> **DATA RECORDS**
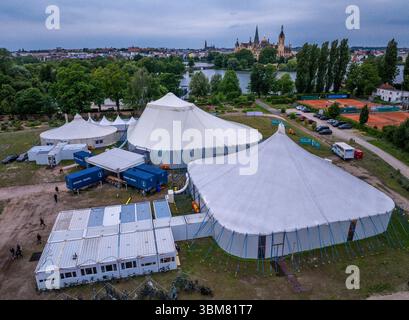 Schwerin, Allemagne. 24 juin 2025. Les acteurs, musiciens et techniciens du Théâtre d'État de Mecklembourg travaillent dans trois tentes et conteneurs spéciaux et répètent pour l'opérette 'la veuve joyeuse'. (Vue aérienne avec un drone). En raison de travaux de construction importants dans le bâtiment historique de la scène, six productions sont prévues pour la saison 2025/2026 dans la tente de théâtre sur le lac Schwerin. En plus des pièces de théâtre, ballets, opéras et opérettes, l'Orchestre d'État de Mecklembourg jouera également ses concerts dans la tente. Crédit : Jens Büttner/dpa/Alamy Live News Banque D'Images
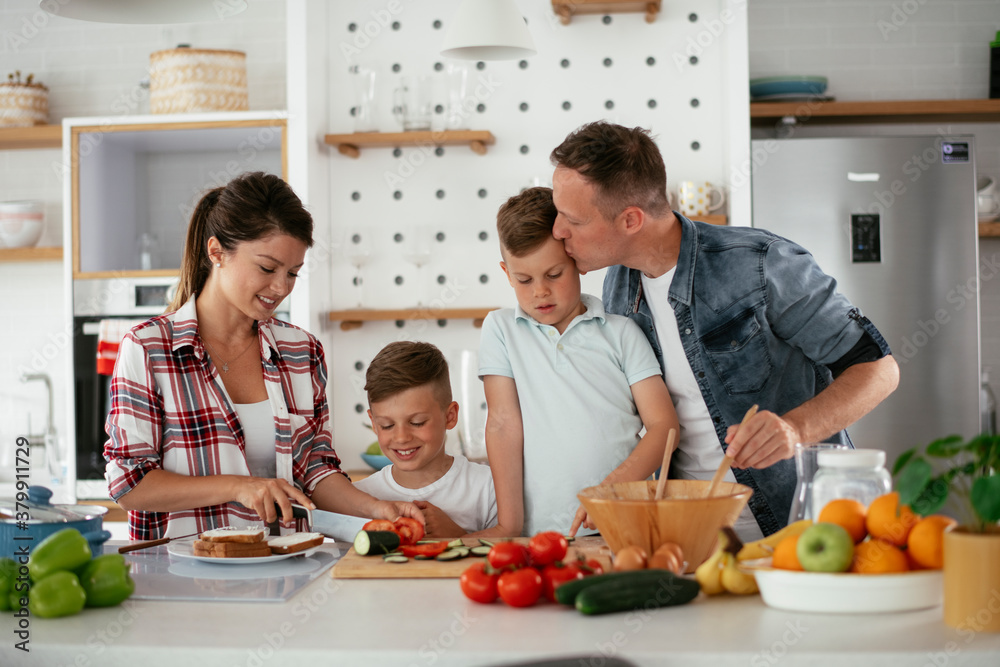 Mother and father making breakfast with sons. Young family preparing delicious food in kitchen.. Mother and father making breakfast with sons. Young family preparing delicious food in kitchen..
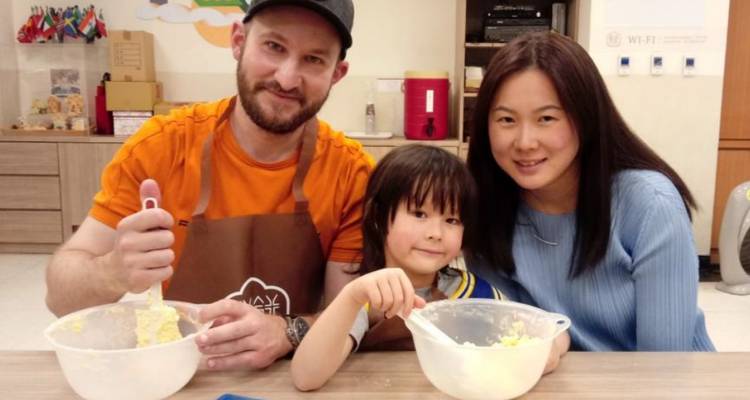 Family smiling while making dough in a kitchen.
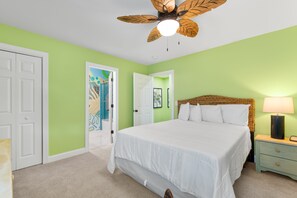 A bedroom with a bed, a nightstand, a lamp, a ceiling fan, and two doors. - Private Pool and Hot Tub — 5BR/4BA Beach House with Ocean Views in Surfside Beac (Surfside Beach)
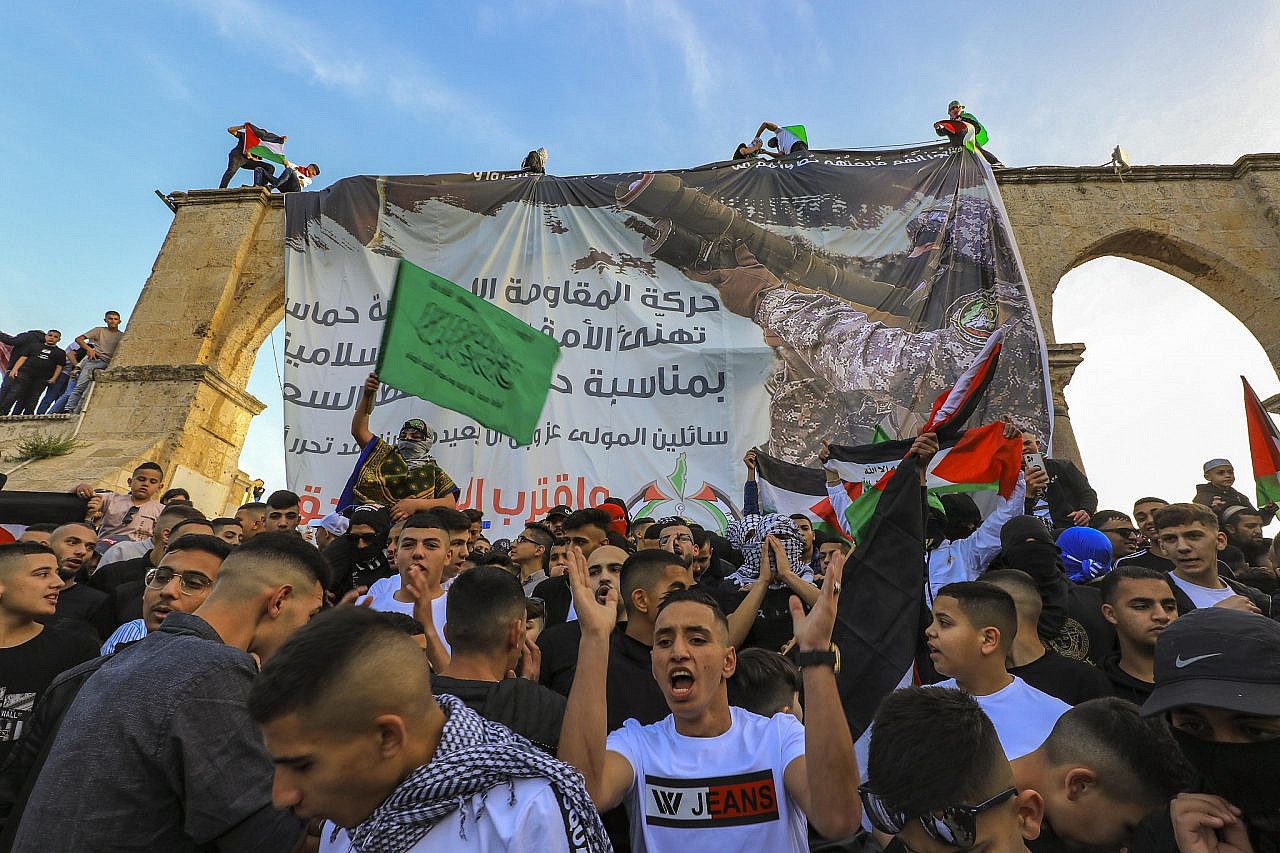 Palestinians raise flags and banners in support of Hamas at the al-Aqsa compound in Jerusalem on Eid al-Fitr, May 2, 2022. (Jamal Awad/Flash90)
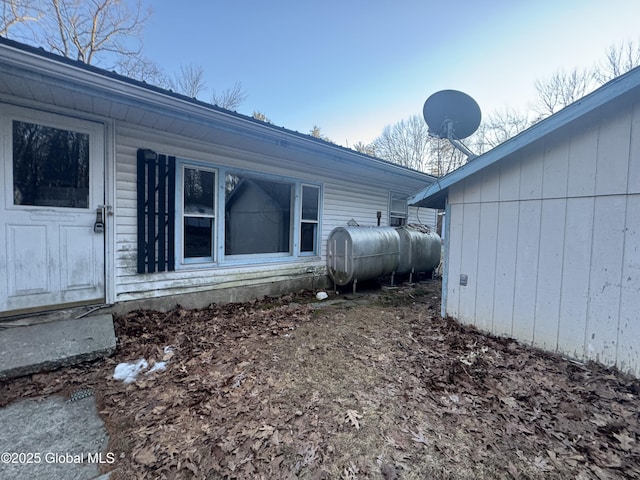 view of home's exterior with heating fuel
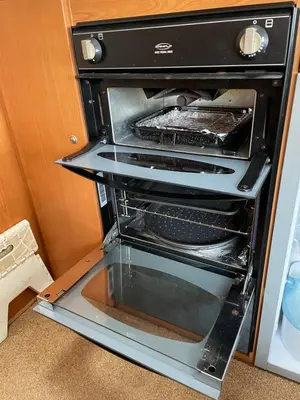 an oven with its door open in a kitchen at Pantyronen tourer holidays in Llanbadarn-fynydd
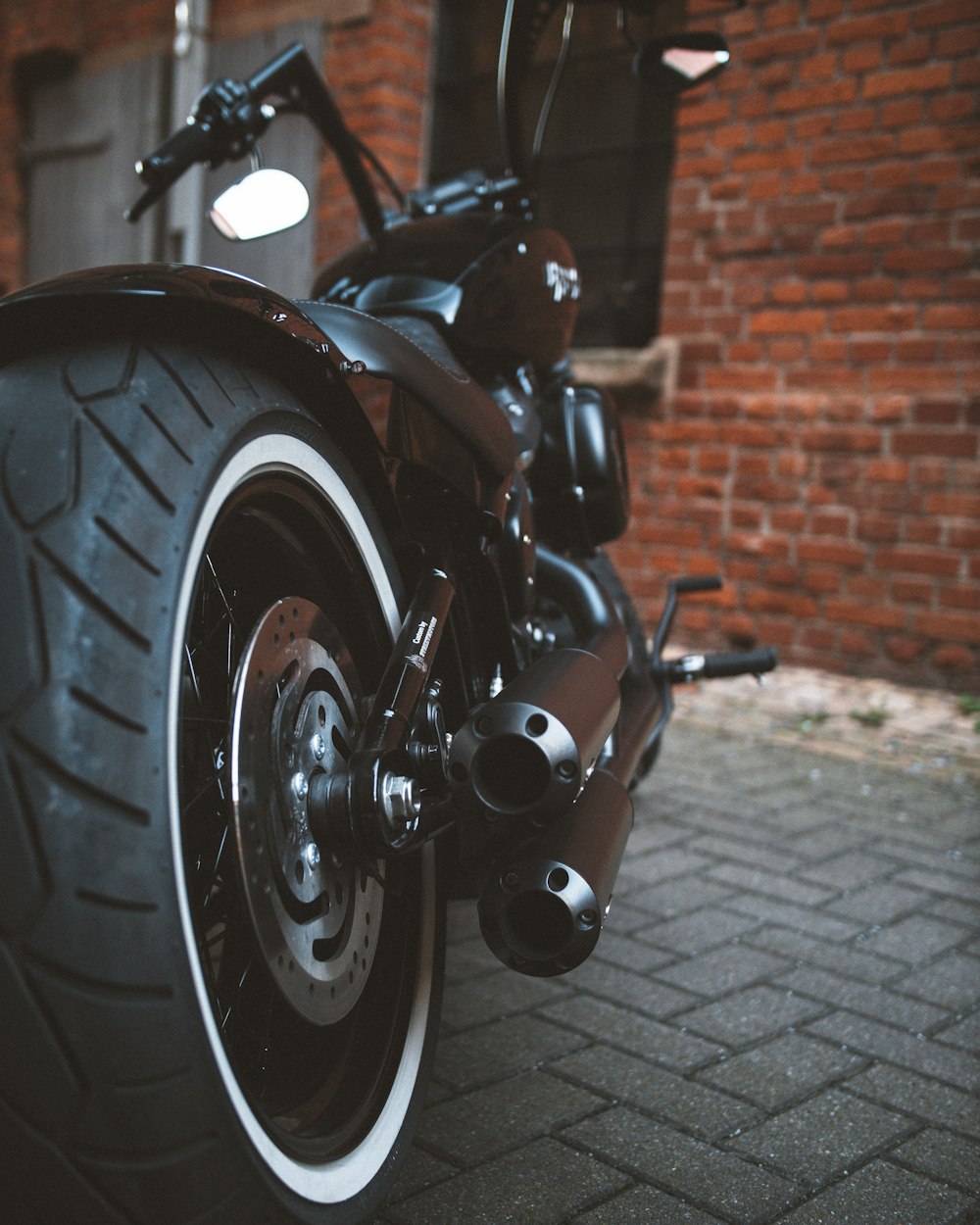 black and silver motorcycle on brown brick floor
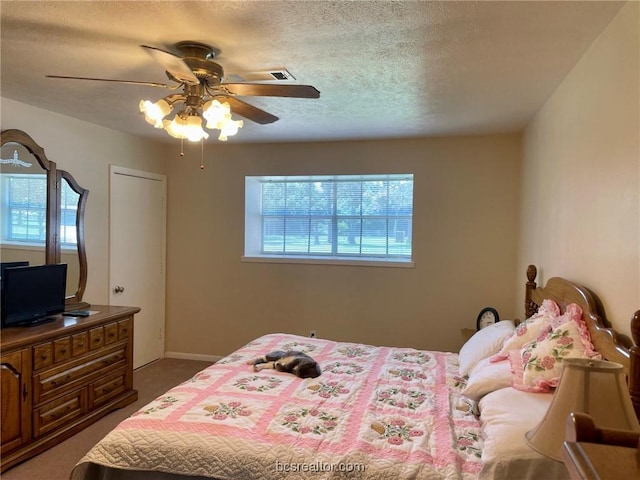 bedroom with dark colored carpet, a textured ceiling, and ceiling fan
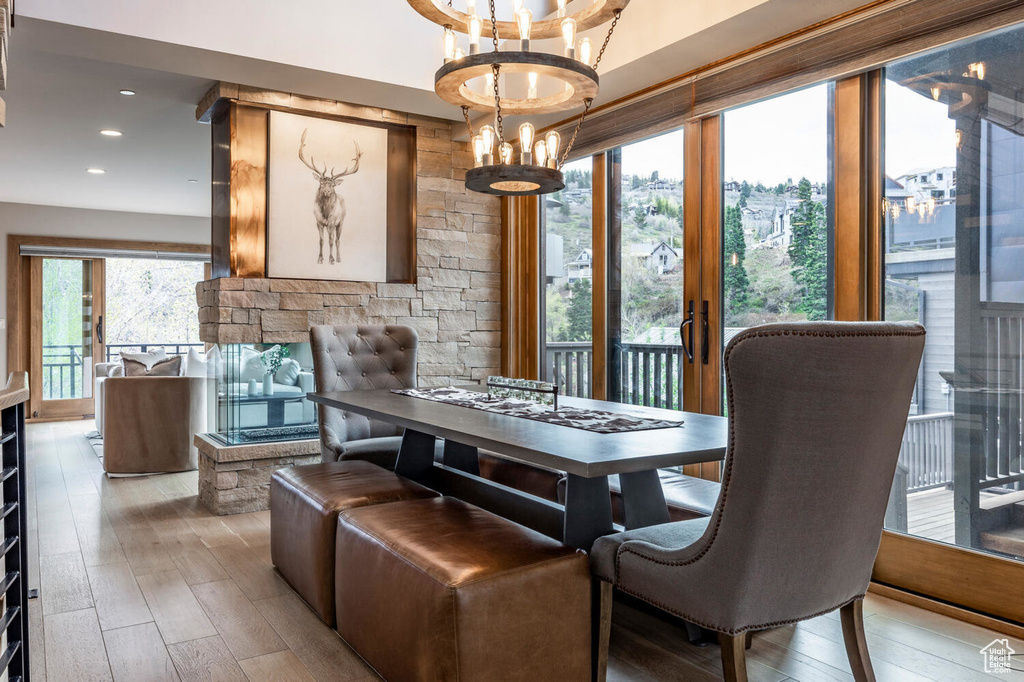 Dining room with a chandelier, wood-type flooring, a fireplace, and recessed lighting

> **ASSIGNMENT**
Please repeat the records above exactly, omitting any pictures they contain.

> **ANSWER BOX**
 Schwerin, Allemagne. 24 juin 2025. Les acteurs, musiciens et techniciens du Théâtre d'État de Mecklembourg travaillent dans trois tentes et conteneurs spéciaux et répètent pour l'opérette 'la veuve joyeuse'. (Vue aérienne avec un drone). En raison de travaux de construction importants dans le bâtiment historique de la scène, six productions sont prévues pour la saison 2025/2026 dans la tente de théâtre sur le lac Schwerin. En plus des pièces de théâtre, ballets, opéras et opérettes, l'Orchestre d'État de Mecklembourg jouera également ses concerts dans la tente. Crédit : Jens Büttner/dpa/Alamy Live News Banque D'Images
 Mother and father making breakfast with sons. Young family preparing delicious food in kitchen.. Mother and father making breakfast with sons. Young family preparing delicious food in kitchen..
 Family smiling while making dough in a kitchen.
 A bedroom with a bed, a nightstand, a lamp, a ceiling fan, and two doors. - Private Pool and Hot Tub — 5BR/4BA Beach House with Ocean Views in Surfside Beac (Surfside Beach)
 Palestinians raise flags and banners in support of Hamas at the al-Aqsa compound in Jerusalem on Eid al-Fitr, May 2, 2022. (Jamal Awad/Flash90)
 view of home's exterior with heating fuel
 an oven with its door open in a kitchen at Pantyronen tourer holidays in Llanbadarn-fynydd
 black and silver motorcycle on brown brick floor
 bedroom with dark colored carpet, a textured ceiling, and ceiling fan
 Dining room with a chandelier, wood-type flooring, a fireplace, and recessed lighting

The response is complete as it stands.